À frontalidade brutal da questão apeteceu-me responder
com a não menos brutal crueza da verdade, mas – cismei – seria correcto
fazê-lo?! Mesmo que não estivesse em causa faltar à verdade, parecia com efeito
mais oportuno satisfazer o seu indiscreto pedido com alguma ambiguidade mais ou
menos corriqueira, recorrendo, por exemplo, a uma insípida descrição dos
deveres pastorais. Uma resposta desse estilo, mesmo sem dar conta da essência
sacerdotal, poderia contudo saciar a atrevida curiosidade do meu jovem
inquisidor. Mas a verdade é que, não obstante a inconveniência, acabei por me
decidir pela resposta pura e dura que, por certo, a impertinência do
interrogador estava mesmo a pedir.
- Um padre – disse-lhe com humilde convicção – faz
milagres. É, aliás, a única coisa que verdadeiramente sabe fazer e que ninguém
pode fazer melhor do que ele. Todas as outras coisas que os sacerdotes fazem,
podem também ser feitas por outras pessoas, como gerir centros pastorais, dar
catequese, leccionar, etc., mas certos milagres só os padres os podem fazer.
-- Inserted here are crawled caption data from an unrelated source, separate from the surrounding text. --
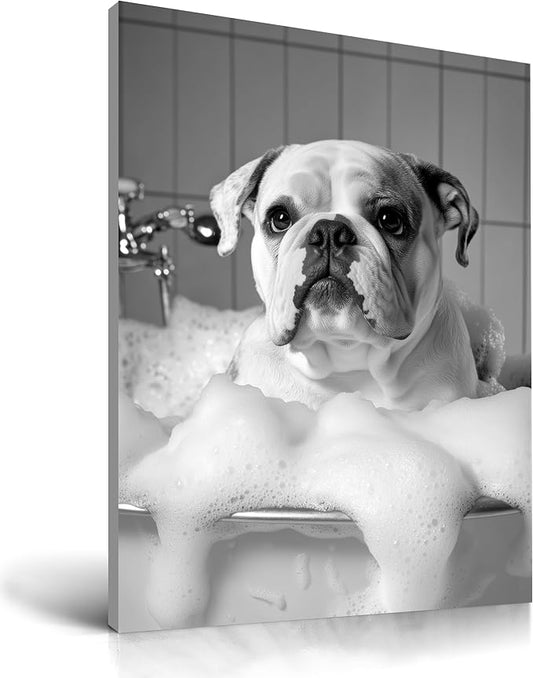 KensTro Funny Bathroom Wall Art Decor,12" x 16" Framed Canvas Bathroom Wall Art Picture,Black and White French Bulldog Dog Bathing Wall Art Animal Abstract Prints,Wall Decor for Kid's Room,1Pack Gift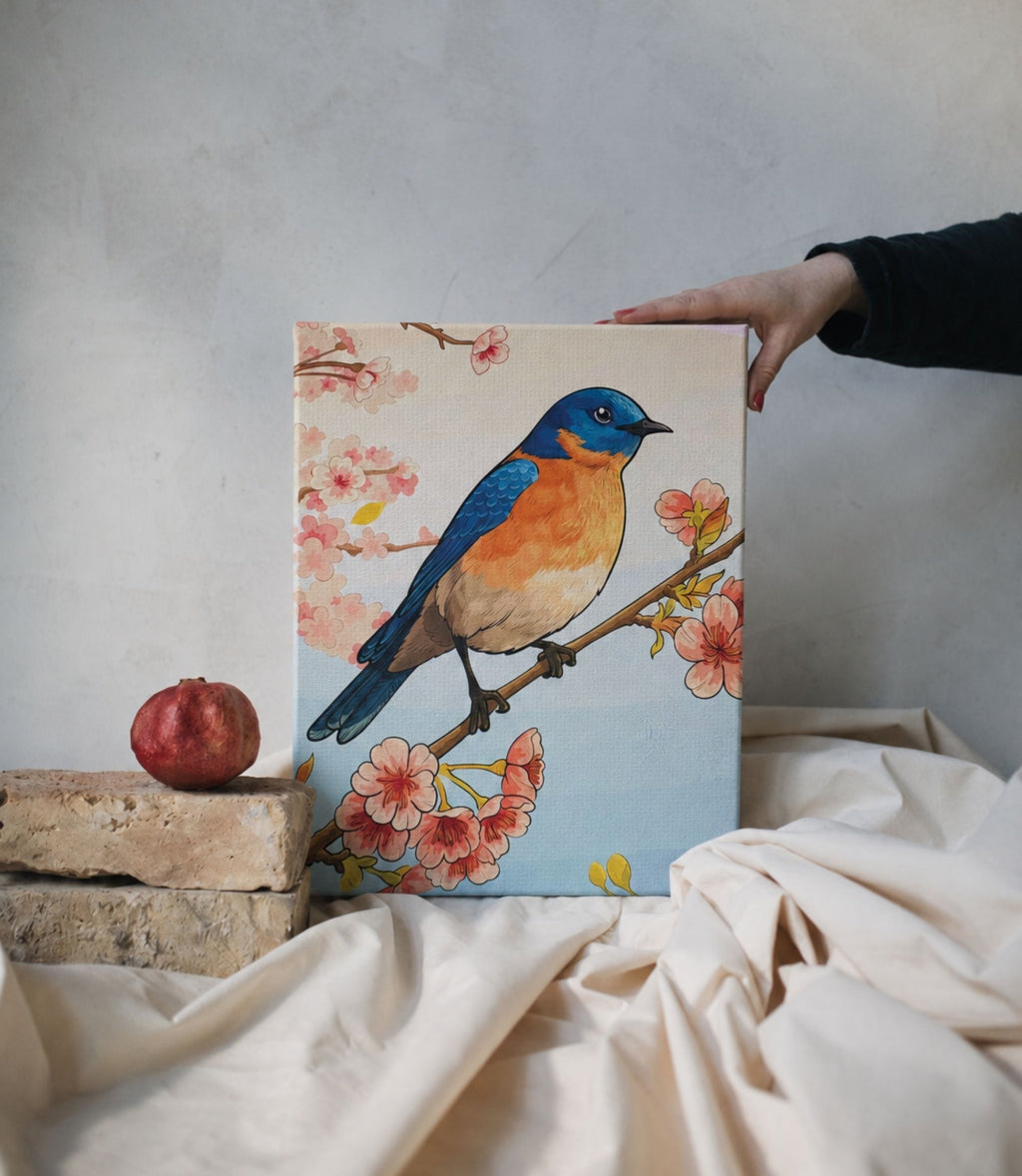 Person holding bluebird and cherry blossoms stretched canvas wall art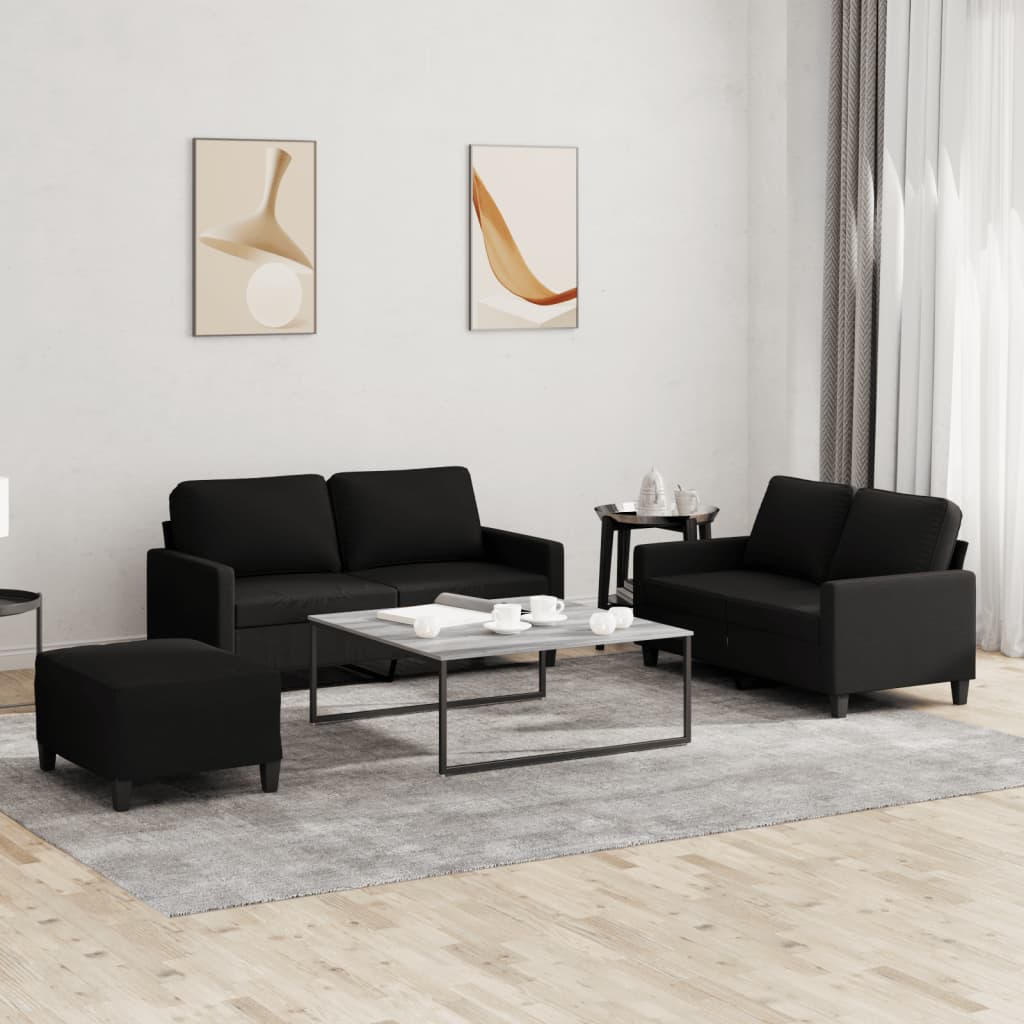 Set de canapele cu perne, 3 piese, negru, textil GartenMobel Dekor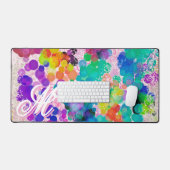 抽象芸術カラフル《写真》ぼけ味ピンクモノグラム デスクマット (キーボード&マウス)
O meu jovem interlocutor, não foi capaz de esconder o
seu assombro ante uma resposta que excedia as suas mais ousadas expectativas.
Suponho que, de imediato, me perscrutou intrigado, procurando descobrir na
minha fronte algum indício das antenas que seriam de supor em quem tem tão
extraordinários poderes ou, na minha retaguarda, o chumaço de umas misteriosas
asas camufladas, que me permitissem os fantásticos voos que a sua imaginação
adivinhava. Nada detectando, porém, de insólito na minha anatomia, investiu com
uma nova pergunta:
- Milagres?! Mas milagres como os que fez Jesus Cristo
aqui na terra, quando curava os paralíticos, cegos, coxos, surdos e mudos?!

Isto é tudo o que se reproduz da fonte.